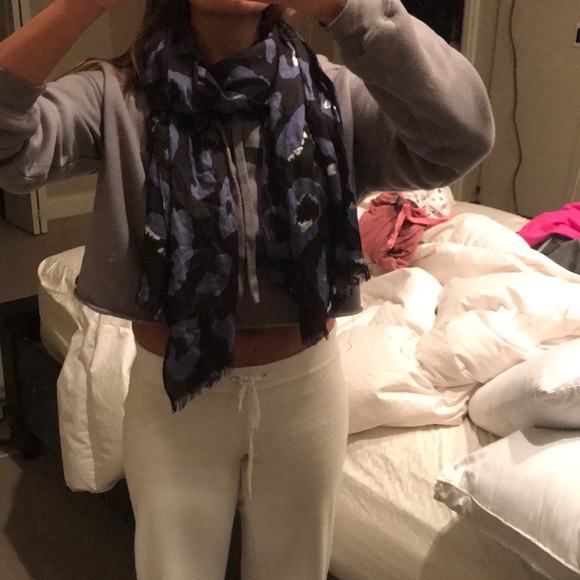 Express scarf - Picture 1 of 3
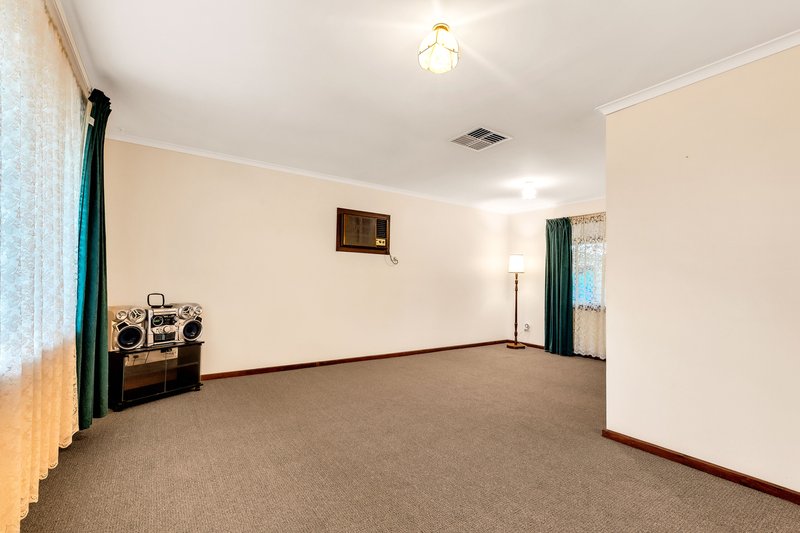 Photo - 7 Gurumbi Crescent, Munno Para SA 5115 - Image 6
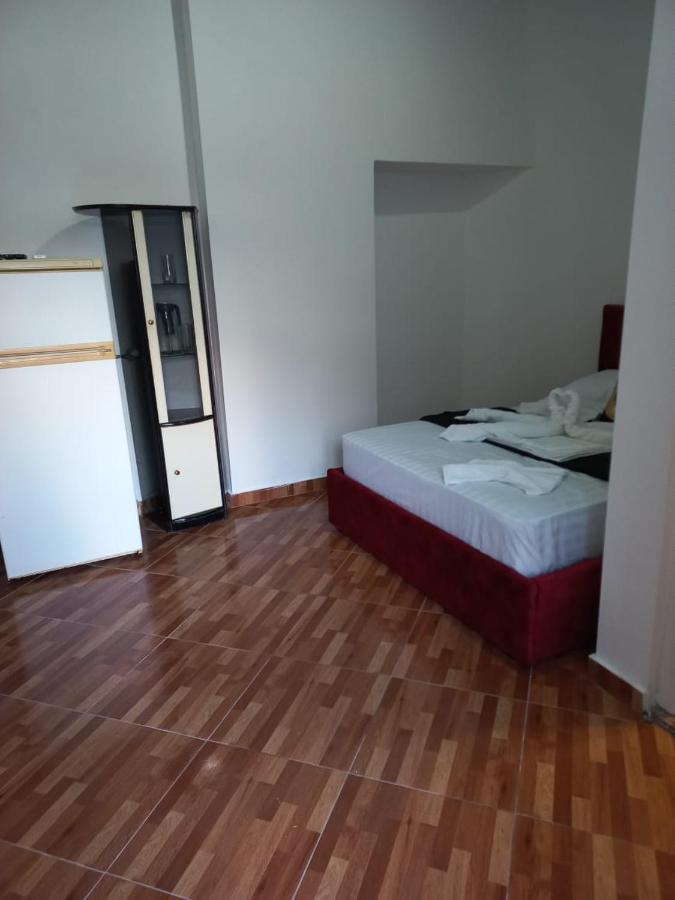 Apartment Garsoniera Clara Permet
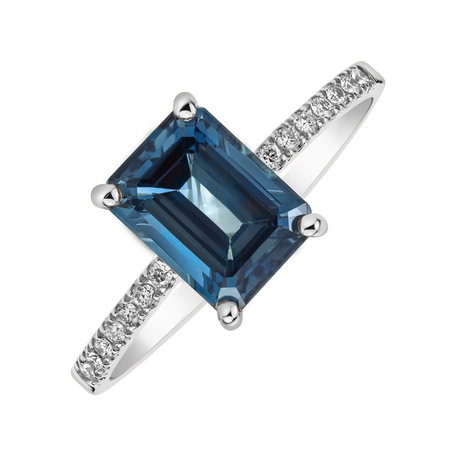 Diamond ring with Topaz Mireth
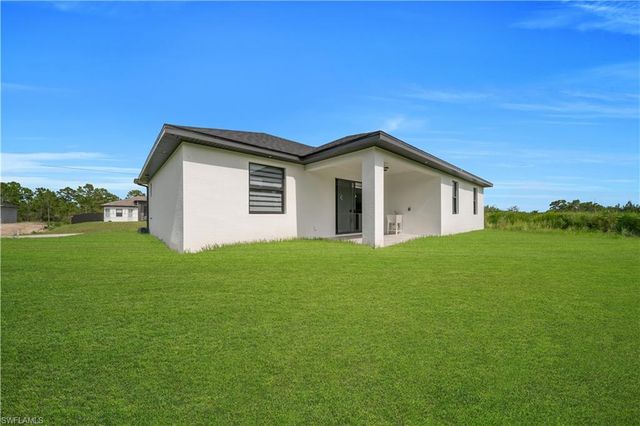 3318 29th ST SW, Lehigh Acres, FL 33976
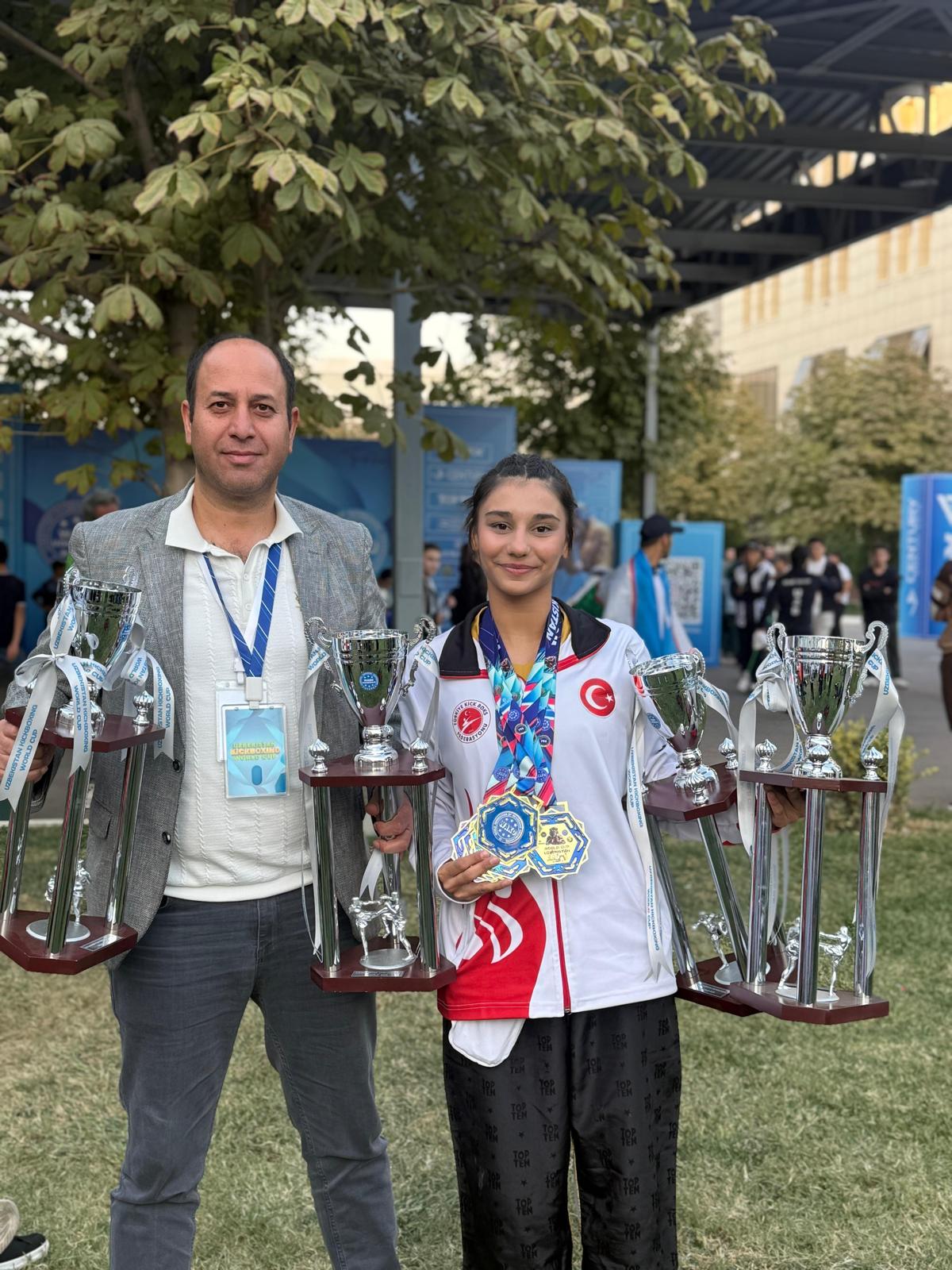 ÖZBEKİSTANDA TARİHİ ZAFER! TÜRKİYE DE BİR İLK TEK SPORCU 6 MADALYA 4 ŞAMPİYONLUK!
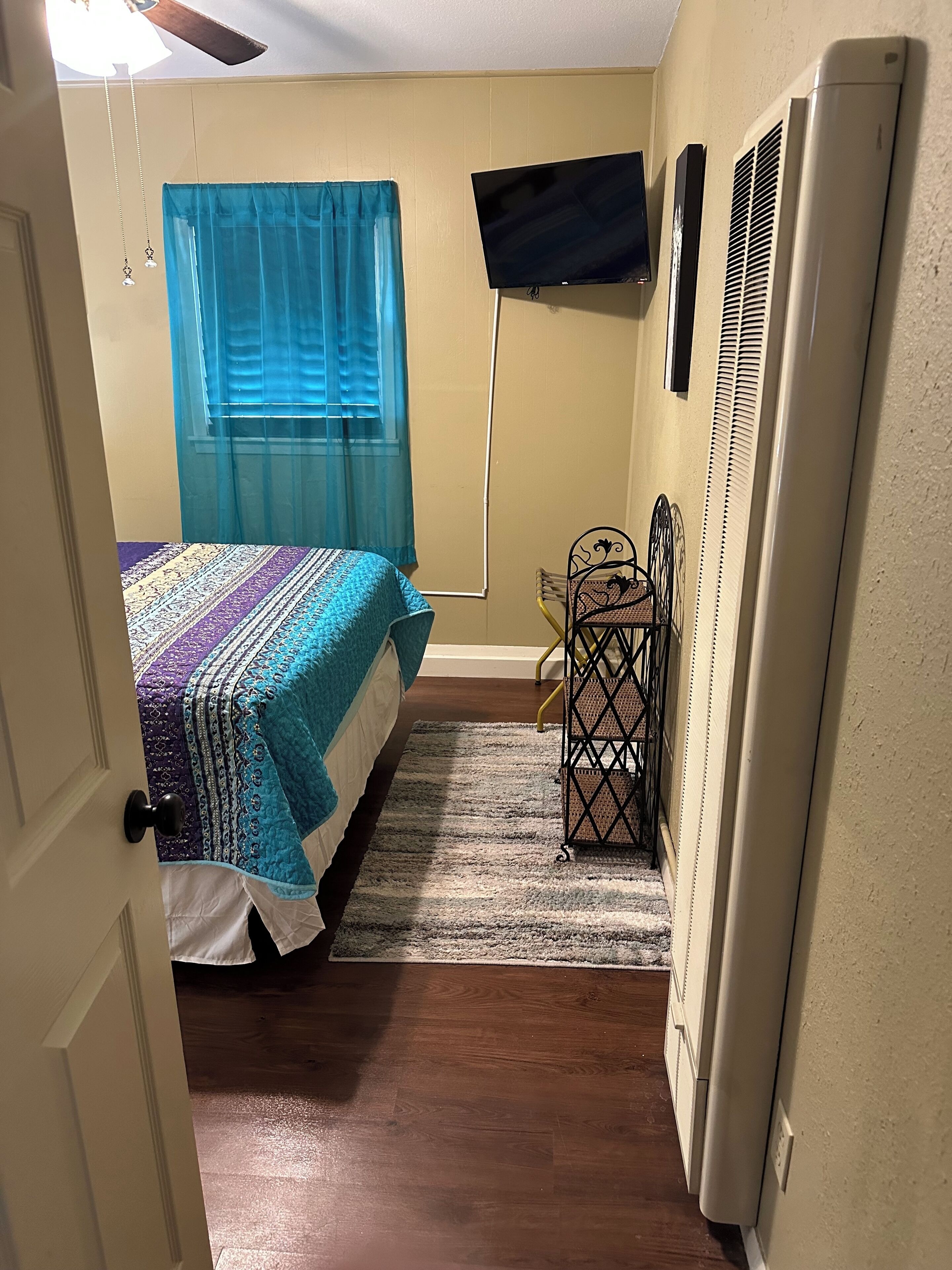 2 chambres, bureau, fer et planche à repasser, Wi-Fi gratuit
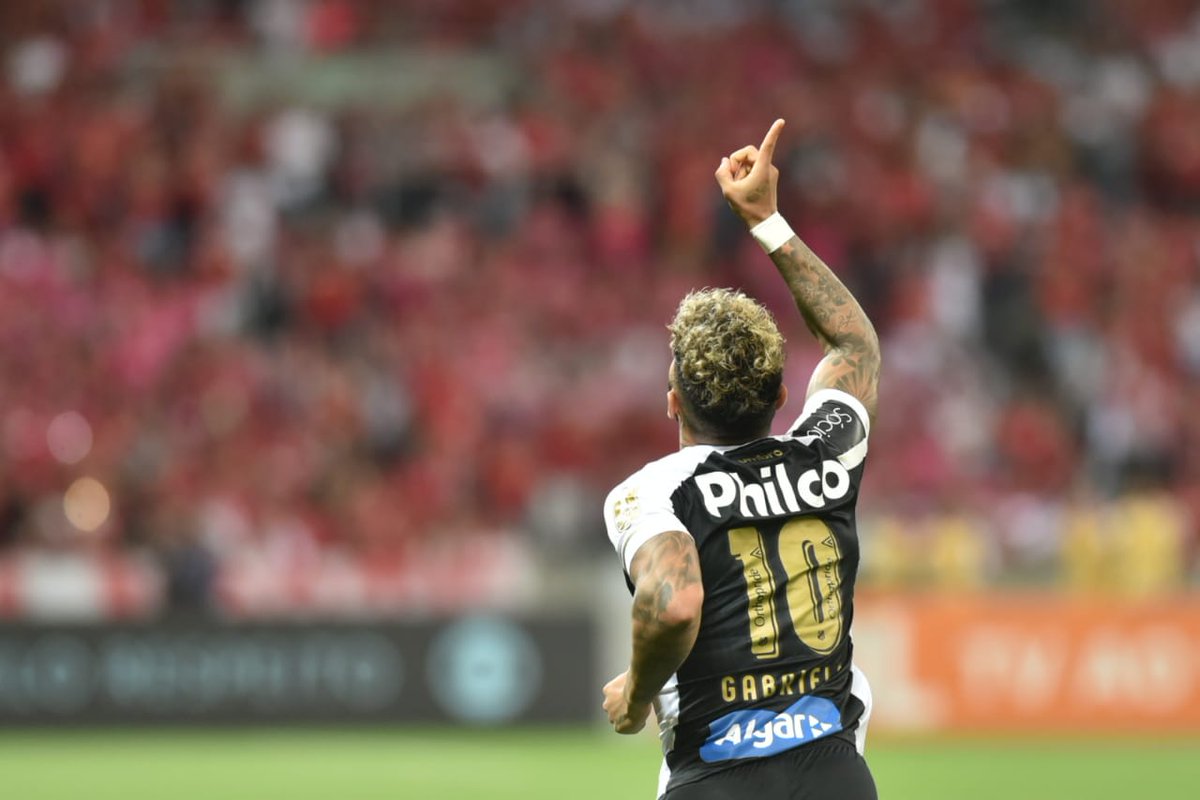 Vice-líder do returno, Santos projeta ‘8 decisões’ em reta final do Brasileirão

▶ [Task requirements]: For every entry above, write it out exactly and remove any image.

▶ [Answer to the exercise]:
 Express scarf - Picture 1 of 3
 Photo - 7 Gurumbi Crescent, Munno Para SA 5115 - Image 6
 Apartment Garsoniera Clara Permet
 Diamond ring with Topaz Mireth
 3318 29th ST SW, Lehigh Acres, FL 33976
 ÖZBEKİSTANDA TARİHİ ZAFER! TÜRKİYE DE BİR İLK TEK SPORCU 6 MADALYA 4 ŞAMPİYONLUK!
 2 chambres, bureau, fer et planche à repasser, Wi-Fi gratuit
 Vice-líder do returno, Santos projeta ‘8 decisões’ em reta final do Brasileirão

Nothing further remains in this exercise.